Образ духовно-душевных переживаний Любви как взаимоотражения звучит в работах другого японского графика, С.Харунобу (1725–1770). В одной из них – «Влюбленные, играющие на одном сямисэне» – два тела, два лица, две души объединены плавным, неторопливо бегущим певучим абрисом, образующим некую единую сложносоподчиненную фигуру, у которой две руки: одна «держит» струны на грифе инструмента, другая подобием плектра «перебирает» их на корпусе. Так рождается Звук, Звуки, Мелодия, графически записанная в четкой метрике рисунка полосатого мужского кимоно и сопровождающем ее сложном прихотливом орнаменте женского. Этот же прием повторен художником в ксилографии, изображающей влюбленных, как-то особенно «ладно» переходящих вброд реку. И здесь на две фигуры изо­бражены две ноги.

Данный способ пластического обобщения встречается и в произведениях европейских мастеров. Так, в одной из живописных работ М.Шагала (1887–1985), посвященных мотиву влюбленных, две склоненные навстречу друг другу фигуры, словно лепестки одного цветка, имеют как будто одно лицо, один профиль, одну головку.
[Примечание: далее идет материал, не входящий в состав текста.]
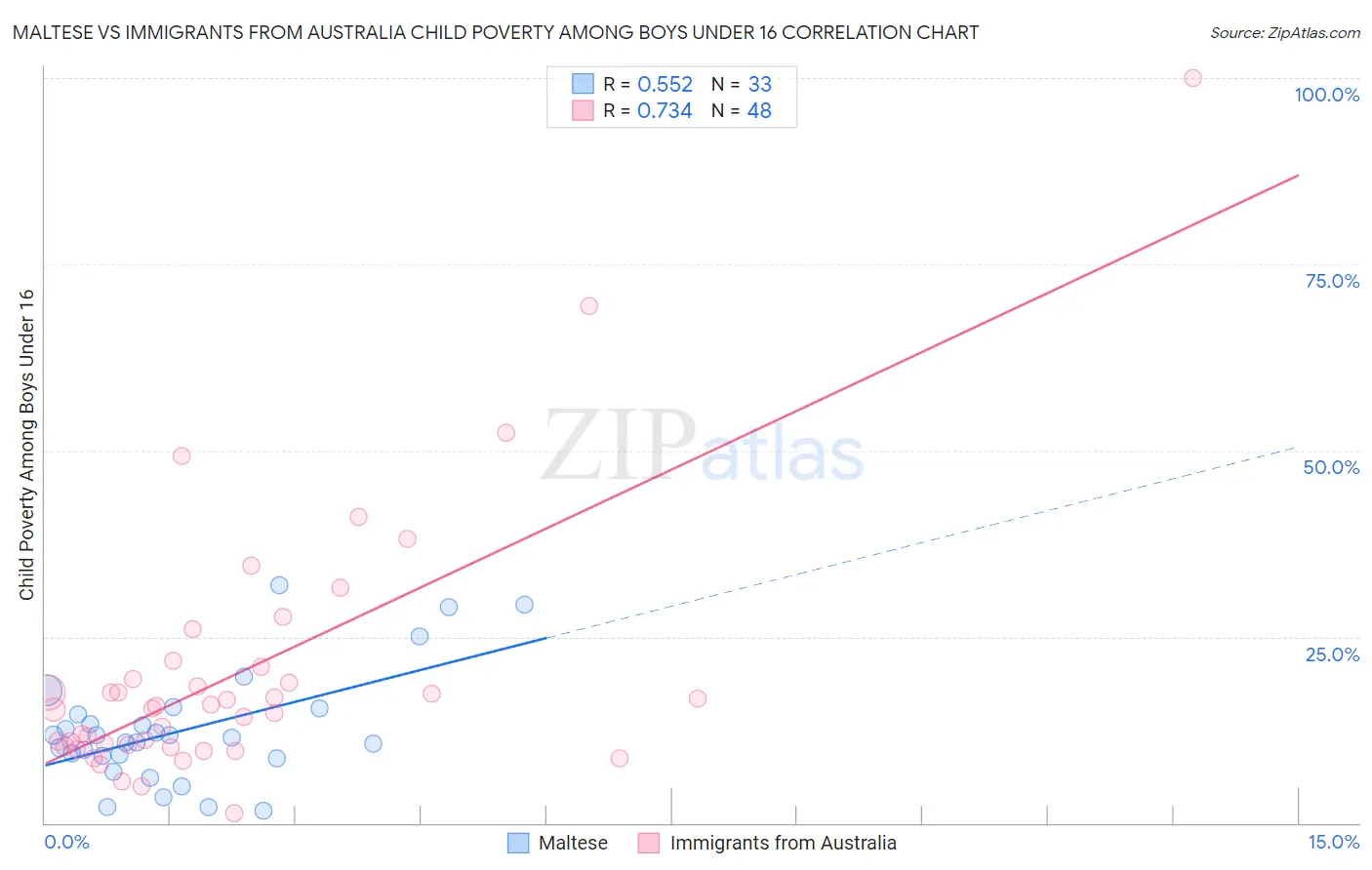 Maltese vs Immigrants from Australia Child Poverty Among Boys Under 16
Тонкий и сложный образ духовно-душевных переживаний Любви-единения «остановлен» в гравюрах К.Утамаро (1753–1806). Здесь, как отмечают исследователи, нет контрастов типа: любовь–ненависть; преданность–измена; отчаяние–восторг. Амплитуда душевных движений героев Утамаро – любовь–размолвка, преданность–несогласие, светлая печаль–негромкая радость. Изображая сцену размолвки, поместив фигуры спиной друг к другу, Утамаро передает момент душевной несогласованности, но не конфликт. Фигуры объединены единым ритмом линий: родившись в одной, линия, чуть изменившись, продолжается в другой фигуре. И это внутреннее единство смягчает конфликт, сообщает ему оттенки грусти, раздумья, скорее объединяющие героев, чем углубляющие их несогласие.

Поистине, перефразируя В.С.Соловьева, можно сказать: Любовь – «решающий [синергийный. – О.У.] жизненный эксперимент»1.